STORED DATA:
* * * * * * * * *

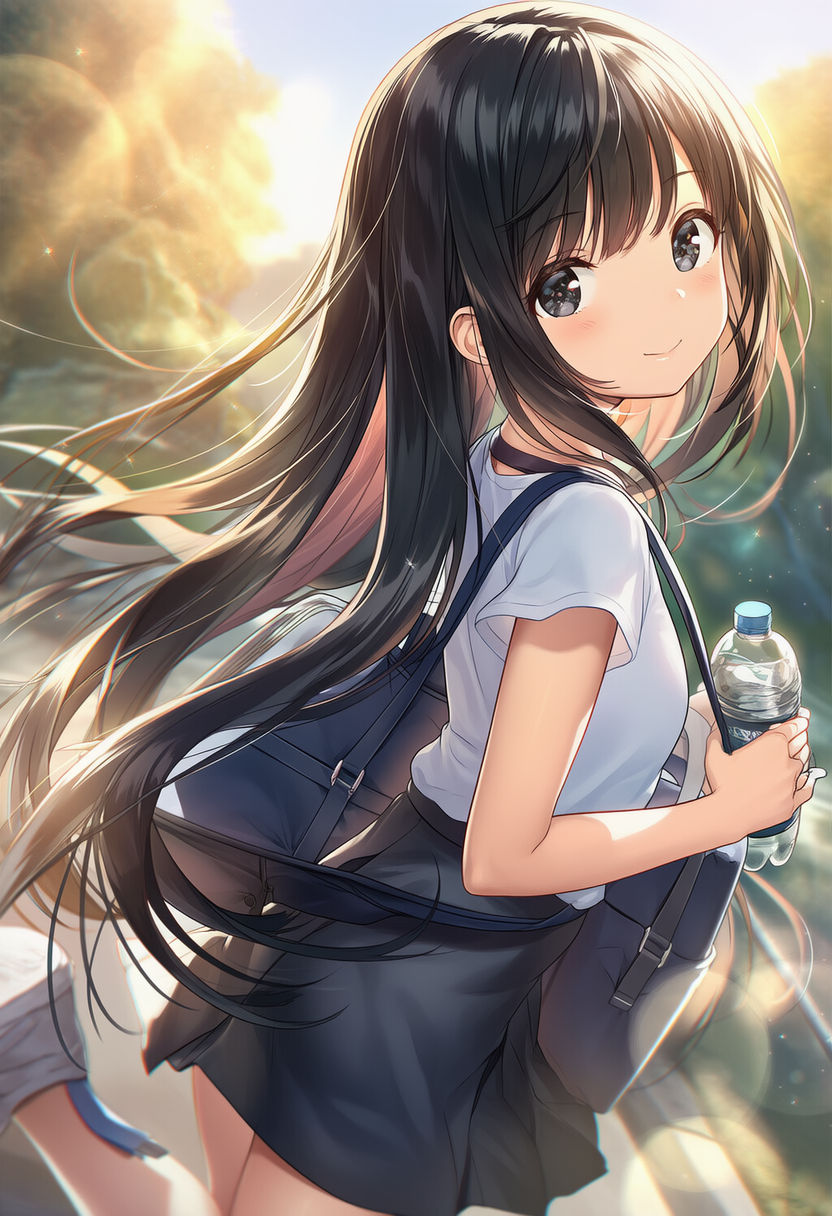 女子高生の朝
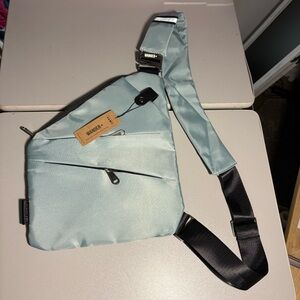 Wander Plus Sky Blue Crossbody Bag, Travel Bag, Shoulder Bag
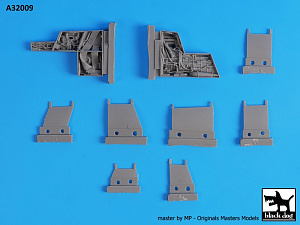 Additions (3D resin printing) 1/32 LTV A-7D/A-7E Corsair II magazine + electronics (designed to be used with Trumpeter kits) 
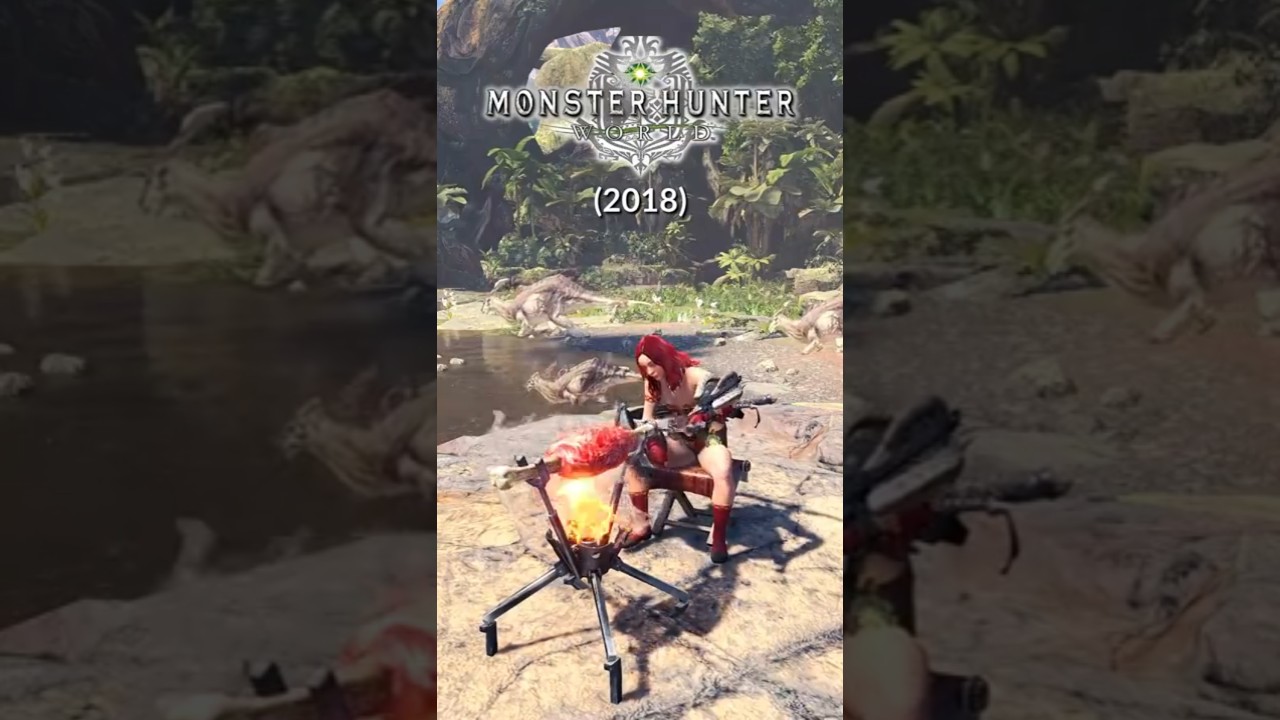 Evolution of the BBQ Spit in Every Monster Hunter Gen #monsterhunter #gaming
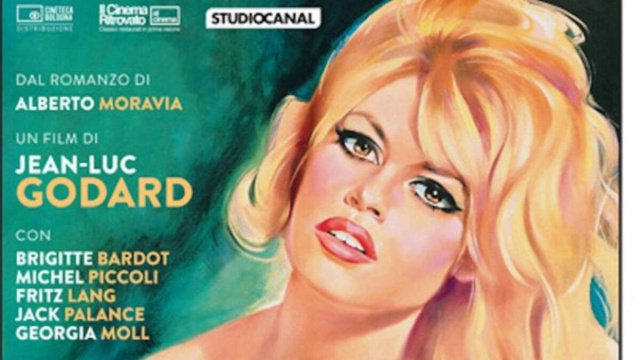 La locandina de Il Disprezzo di Jean Luc Godard.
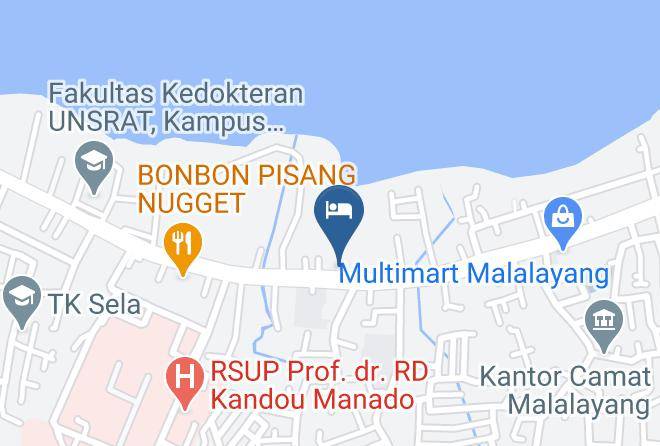 Kota Manado - Hotel Lucky Inn Maps
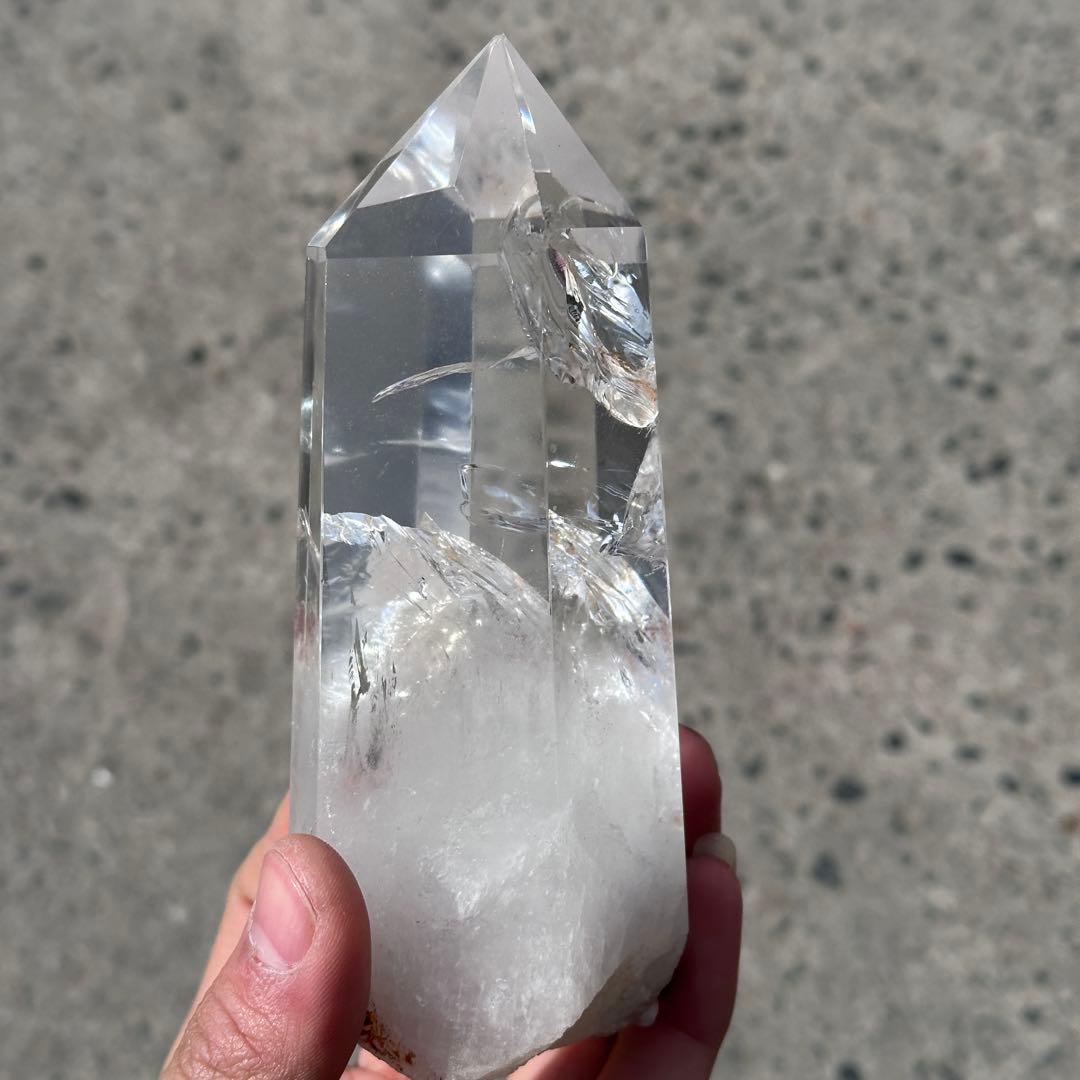 天然石虹いっぱい水晶のポイント　ご購入前に在庫確認必要G.755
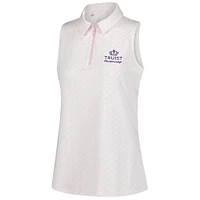 Women's Under Armour  Pink Truist Championship Drive Clubhouse Grid Sleeveless Polo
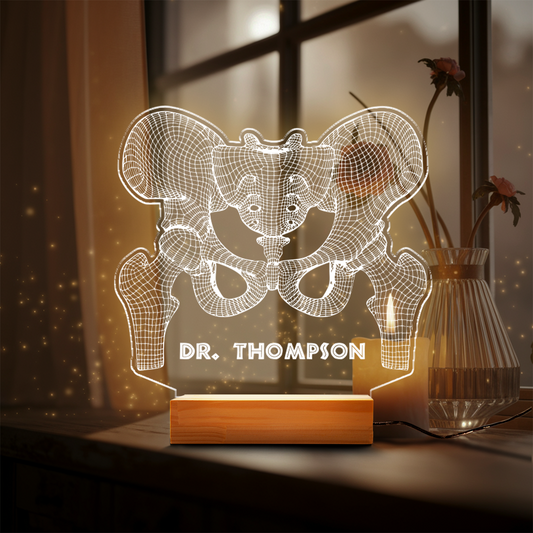 Aeluxlas Hips Bone Lamp Orthopedist Gift Hips Light Gift for Orthopedist Hips Night Lamp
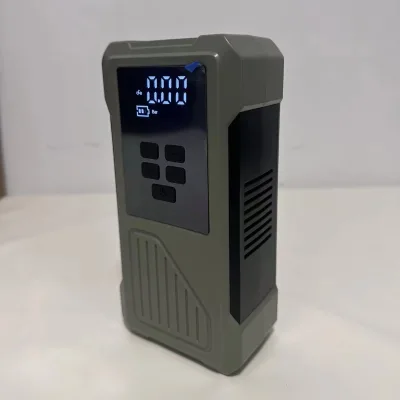 Latest Design Wireless Car Jump Starter With Air Compressor HandHeld Air Pump With Power Bank Tire Pressure Monitor Multinozzle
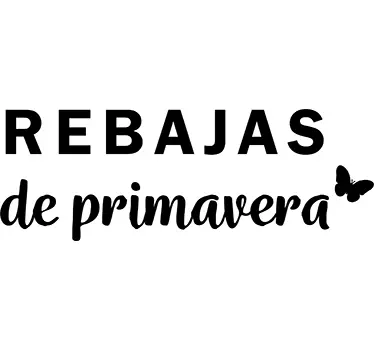 Vinilo primavera para escaparate - TenVinilo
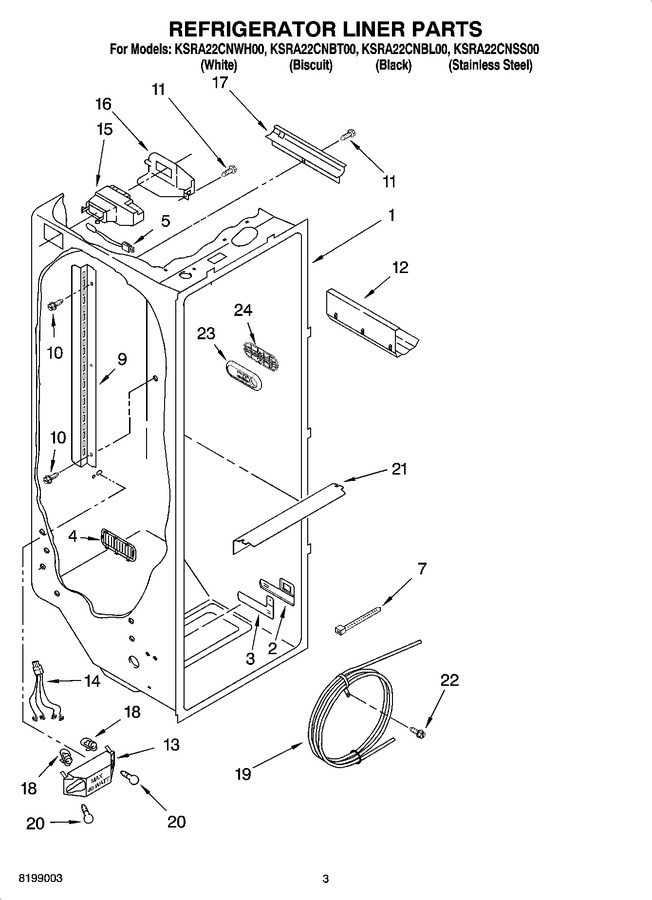 Diagram for KSRA22CNWH00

* * * * * * * * *

WHAT YOU HAVE TO DO: Word for word, repeat only the lines from the line containing "Kota Manado - Hotel Lucky Inn Maps" through the end of the data, without any pictures.

ANSWER TO THE PROBLEM:
 Kota Manado - Hotel Lucky Inn Maps
 天然石虹いっぱい水晶のポイント　ご購入前に在庫確認必要G.755
 Women's Under Armour  Pink Truist Championship Drive Clubhouse Grid Sleeveless Polo
 Aeluxlas Hips Bone Lamp Orthopedist Gift Hips Light Gift for Orthopedist Hips Night Lamp
 Latest Design Wireless Car Jump Starter With Air Compressor HandHeld Air Pump With Power Bank Tire Pressure Monitor Multinozzle
 Vinilo primavera para escaparate - TenVinilo
 Diagram for KSRA22CNWH00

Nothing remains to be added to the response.